Fix bug in Spring Session (core) infrastructure component initialization

[jxblum]

Currently, SSDG overrides the @PostConstruct annotated, SpringHttpSessionConfiguration.init() method in the GemFireHttpSessionConfiguration class (here) by extension.

However, the overridden @PostConstruct annotated init() method in the SSDG GemFireHttpSessionConfiguration class does not appropriately call the super.init() method in the Spring Session core SpringHttpSessionConfiguration base class, leaving (for example) the custom configuration of a Spring Session core CookieSerializer unrealized.

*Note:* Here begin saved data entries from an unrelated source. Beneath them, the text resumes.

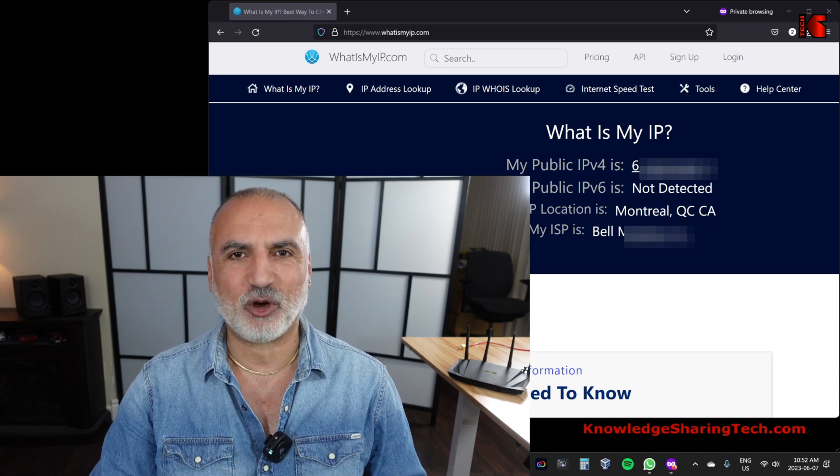That was it for this video. I hope you liked it and found it useful. If you did, please share it, subscribe to my channel, and give this video a thumbs up — I would really appreciate it, and this way you won't miss my future videos. I'm Eloy from Knowledge Sharing Tech. Thank you all for watching, and see you in the next video.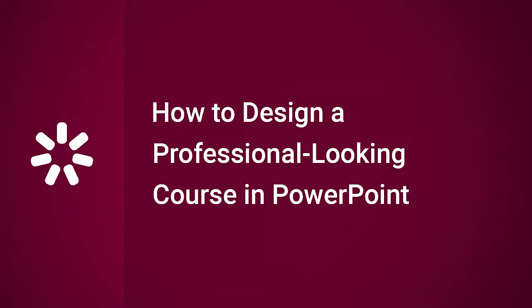Hi, it's Brian from iSpring, and today we're going to find out how to design a professional-looking course in PowerPoint.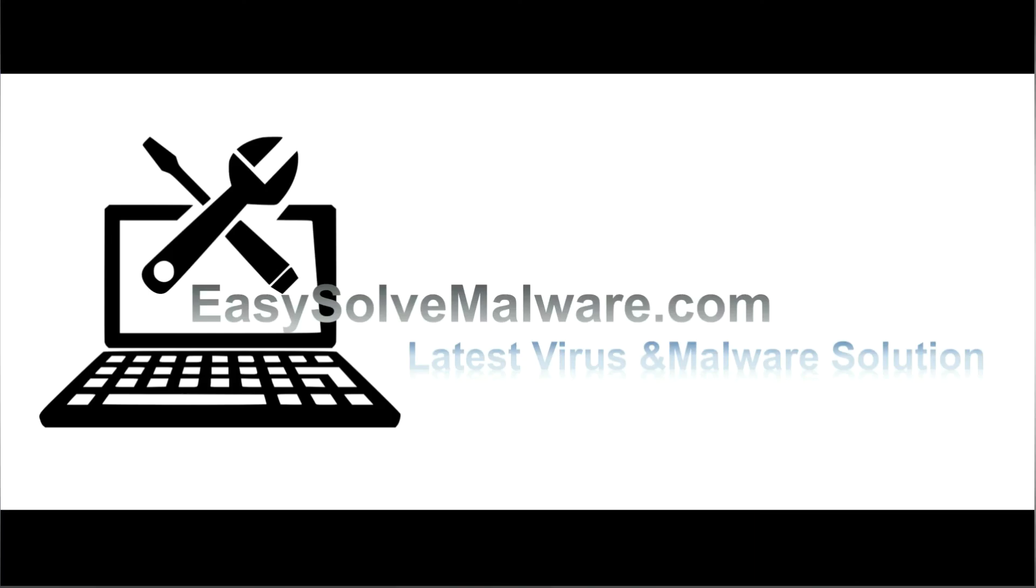That's all. Thank you for watching the video from EasySolveMalware.com. We hope it solves your problem.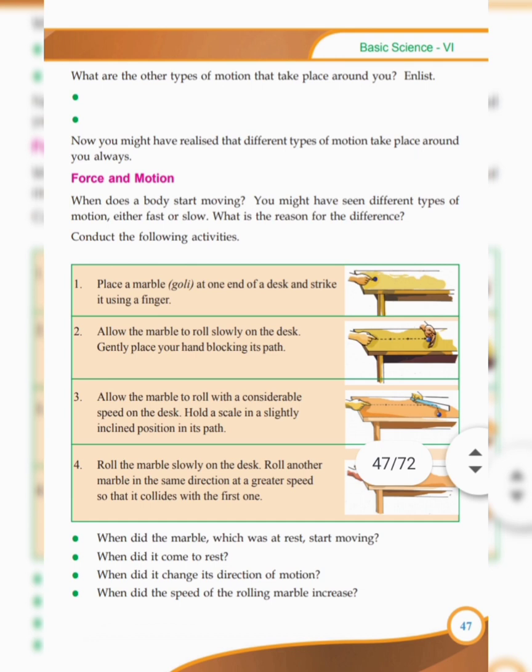What are the other types of motion that take place around you? Motion of vehicles, rotation of a fan, motion of a pendulum, flying of birds, motion of human beings. Realize that different types of motion take place around you always.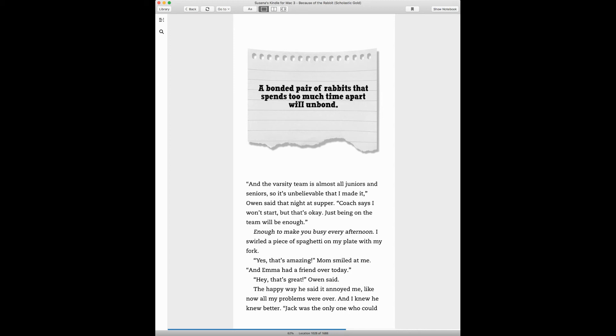A bonded pair of rabbits that spends too much time apart will unbond. And the varsity team is almost all juniors and seniors, so it's unbelievable that I made it, Owen said that night at supper. Coach says I won't start, but that's okay. Just being on the team will be enough. Enough to make you busy every afternoon?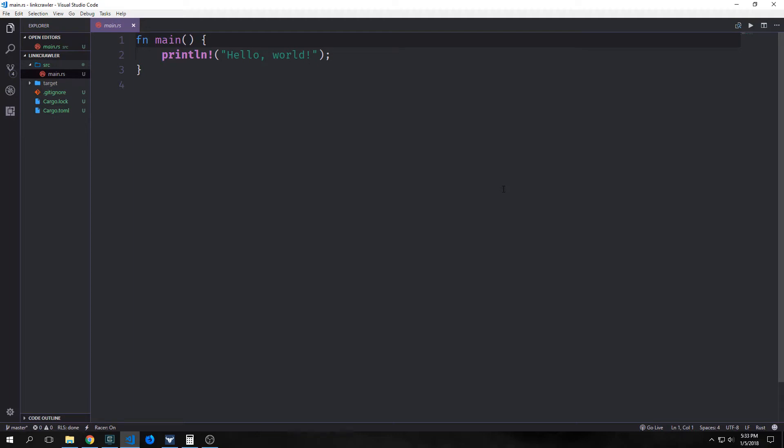Hi guys, welcome back to Programming in Rust. My name is Tensor. Today we're going to be building a web crawler that specifically looks for broken links. The idea is that it will parse the HTML on a web page, look for hrefs, and then try to follow those hrefs to the websites that they connect to, and it will tell us whether or not that link is broken.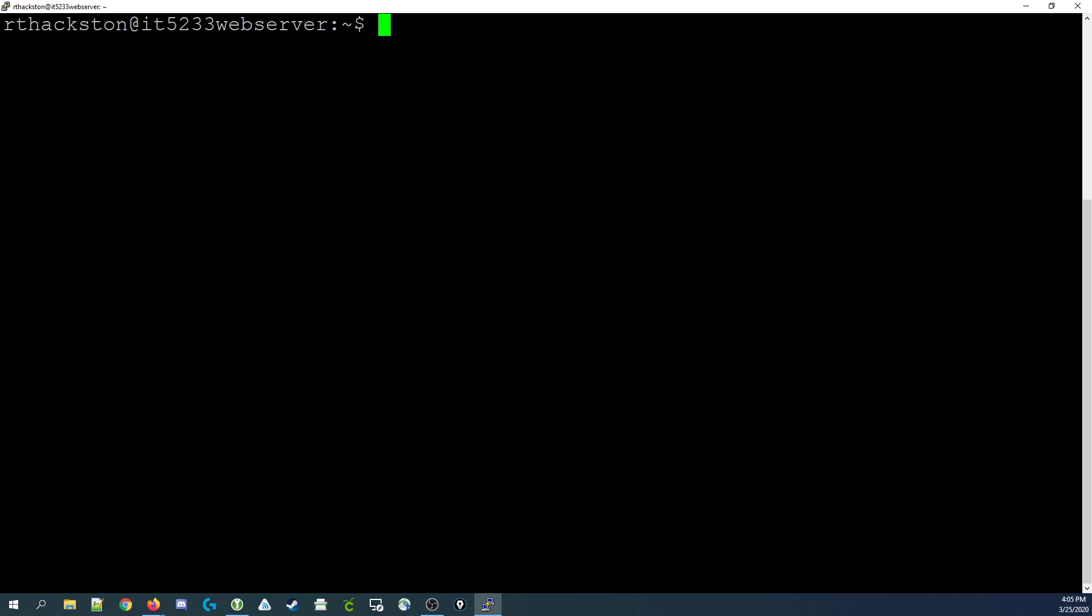So connecting to MySQL is very simple. Currently we're at the Linux command prompt. What we'd like to do is open up a MySQL command prompt. We do that by typing in the command sudo mysql -u root.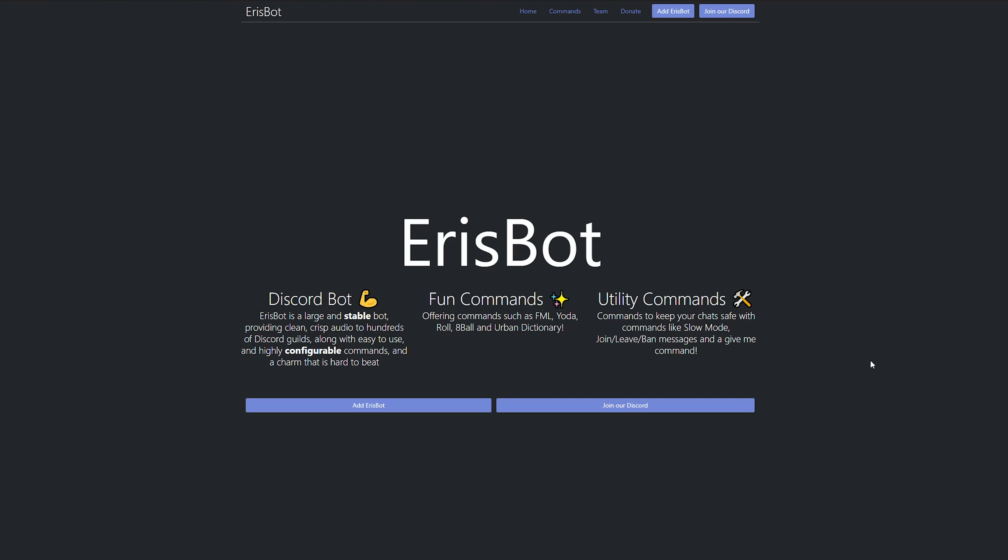All right, welcome back ladies and gentlemen to the Chupacabra Tutorials channel. I'm your host, Larry, and we're back for another Discord voice chat tutorial.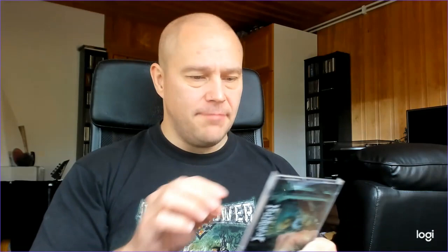What we have here is Incantation, so let's take a look at the band's latest album right here on Rauda. This one is called Sect of Vile Divinities, a title that is very fitting for the band in question.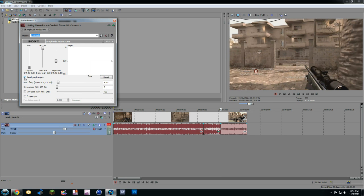Now, you're going to go to Blend Graphic Edges. You're going to click on that. You're going to go to Low Pass Start Frequency. Make sure. Click on it. Make sure it's at 400.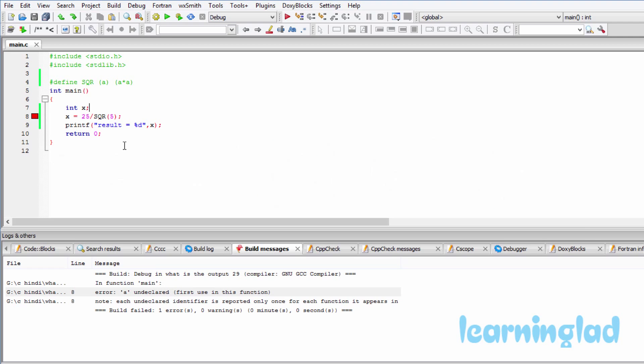The main problem is we are using this space after the macro name. If I remove this space here, then the preprocessor is gonna treat this as a macro which takes an argument.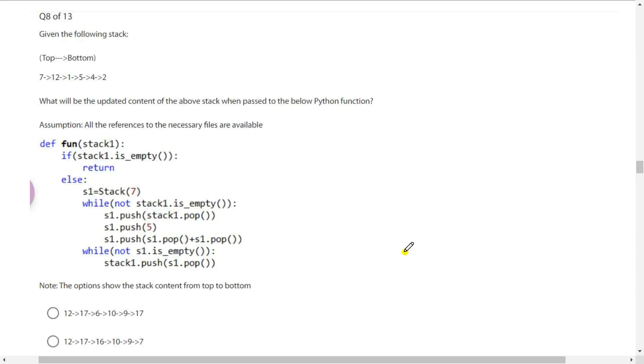Hello everyone, I am Ajay. Welcome to online learning's NPDQ training. Today I am going to solve data structures and algorithm based MCQs. Coming to our first question today.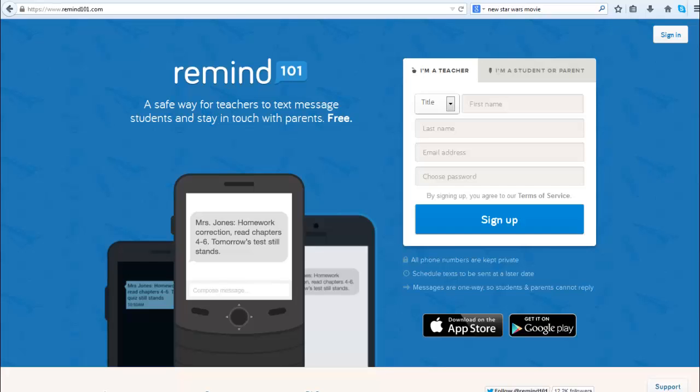In this 3-minute Teaching with Tech Tip, we're taking a look at Remind 101. I've heard great things about how easy it is to use to text your students or parents if you wish. You come out to remind101.com and provide the basic information here: name and email address, and create a password to get started.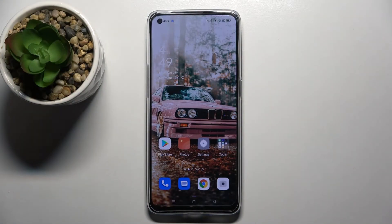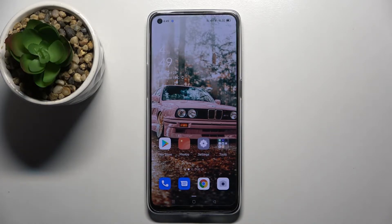Hi! In front of me is Oppo Reno6 5G and today I would like to show you how you can download and apply an animated live wallpaper called Magic Fluids.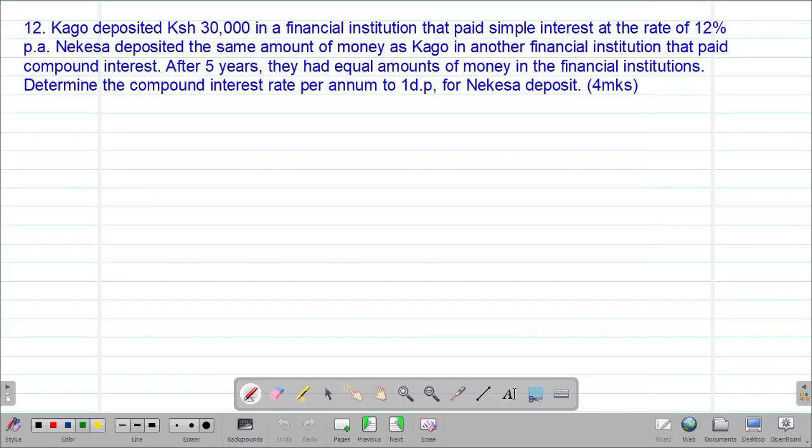Hello my precious friends, I really hope that you're doing great. Welcome to today's class. It's our fifth lesson on a Form 3 mathematics topic called Commercial Arithmetic 2.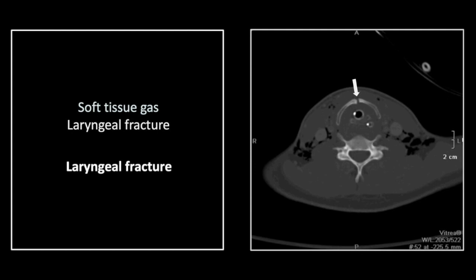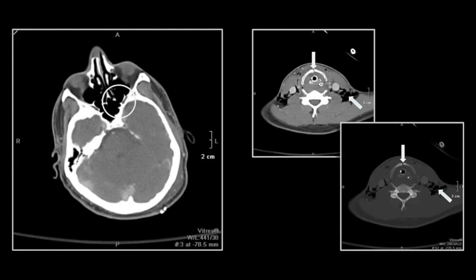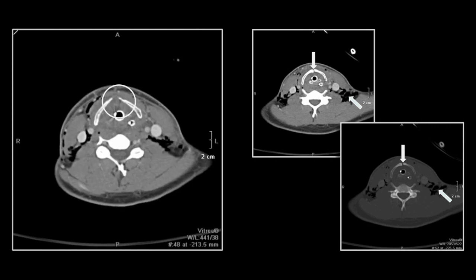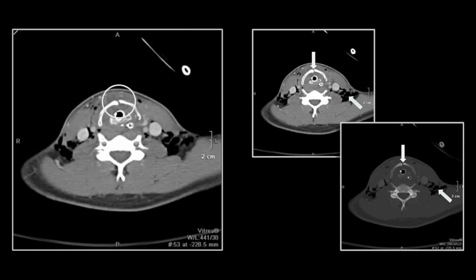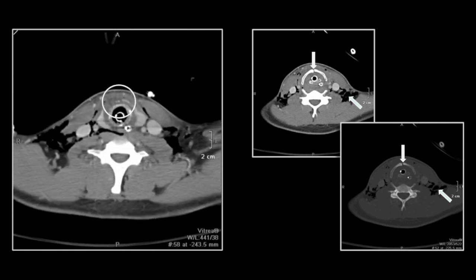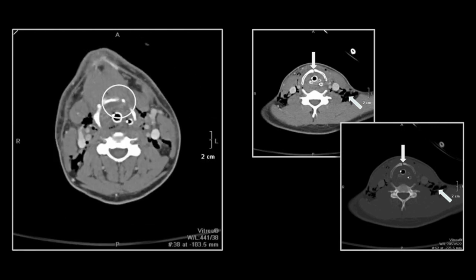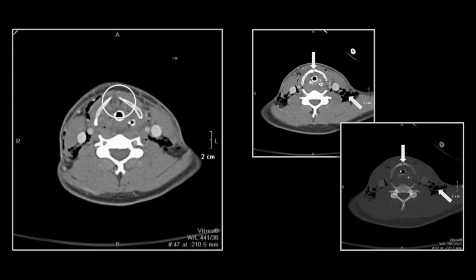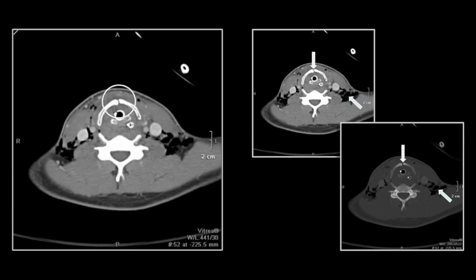This is obviously an acute injury. There is the hyoid bone, and there is the midline defect in the laryngeal cartilage.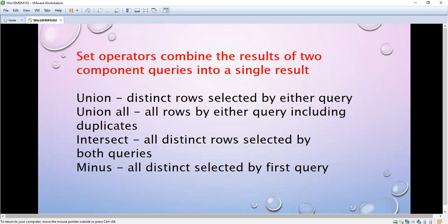INTERSECT is all distinct rows selected by both queries, and MINUS is all distinct rows selected by the first query only. These are all the set operators, and I will be explaining some more SQL topics in the coming videos. Thanks, bye.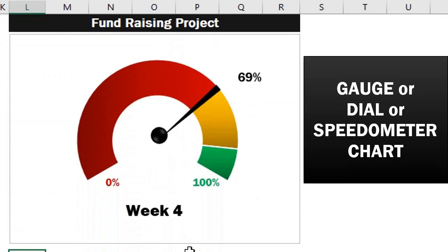Hello everyone, welcome to my channel. Today we'll take a look at how to create this simple gauge chart in Excel.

Therefore, the configured CookieSerializer always defaults to the DefaultCookieSerializer being registered on the configured HttpSessionIdResolver.

This is a bug!

[jxblum]

Users (customers) can workaround this issue by doing the following in their Spring configuration:

package example.app.config;

import org.springframework.session.web.http.CookieHttpSessionIdResolver;
import org.springframework.session.web.http.CookieSerializer;
import org.springframework.session.web.http.HttpSessionIdResolver;

import example.app.spring.session.web.http.CustomCookieSerializer;

@EnableGemFireHttpSssion
class SpringSessionApplicationConfiguration {

    @Bean
    CookieSerializer customCookieSerializer() {
        return new CustomCookieSerializer();
    }

    @Bean
    HttpSessionIdResolver cookieHttpSessionIdResolver(CookieSerializer cookieSerializer) {

        CookieHttpSessionIdResolver httpSessionIdResolver = new CookieHttpSessionIdResolver();

        httpSessionIdResolver.setCookieSerializer(cookieSerializer);

        return httpSessionIdResolver;
    }
}

NOTE: The package location and location/name of the CustomCookieSerializer are hypothetical. The use of the Spring Session core CookieHttpSessionIdResolver is not!

We can take advantage of the fact that the HttpSessionIdResolver is configured on the Spring Session SessionRepositoryFilter bean method (see here).

By default, Spring Session (core) uses the CookieHttpSessionIdResolver (see here then here).

NOTE: The CookieHttpSessionIdResolver (or some derivation/implementation) would be required to apply a "custom" CookieSerializer at any rate.

This in effect allows users/customers to apply a "custom" CookieSerializer until this bug is resolved.

The following test illustrates that this workaround/approach works!

[jxblum]

Rather than override the SpringHttpSessionConfiguration, @PostConstruct annotated init() method and call super.init() in SSDG's overridden GemFireHttpSessionConfiguration.init() method, I am simply going to rename SSDG's init method to initGemFire, which resolves the issue.

[jxblum]

We will be back porting this fix to SSDG 2.2.x, 2.3.x and 2.4.x.

Note, master is currently set to 2.5.x.

Note, 2.1.x and earlier are no longer supported (EOL).

[jxblum]

After SSDG 2.2.x, 2.3.x and 2.4.x bits are released and available, new releases of SBDG 1.2.x, 1.3.x and 1.4.x will pick up these new SSDG bits, respectively.

[jxblum]

Fixed in all supported branches: SSDG 2.2.x (2.2.7.RELEASE), 2.3.x (2.3.3.RELEASE) and 2.4.x (2.4.1) along with master for the upcoming 2.5.0.M1 release (TBD).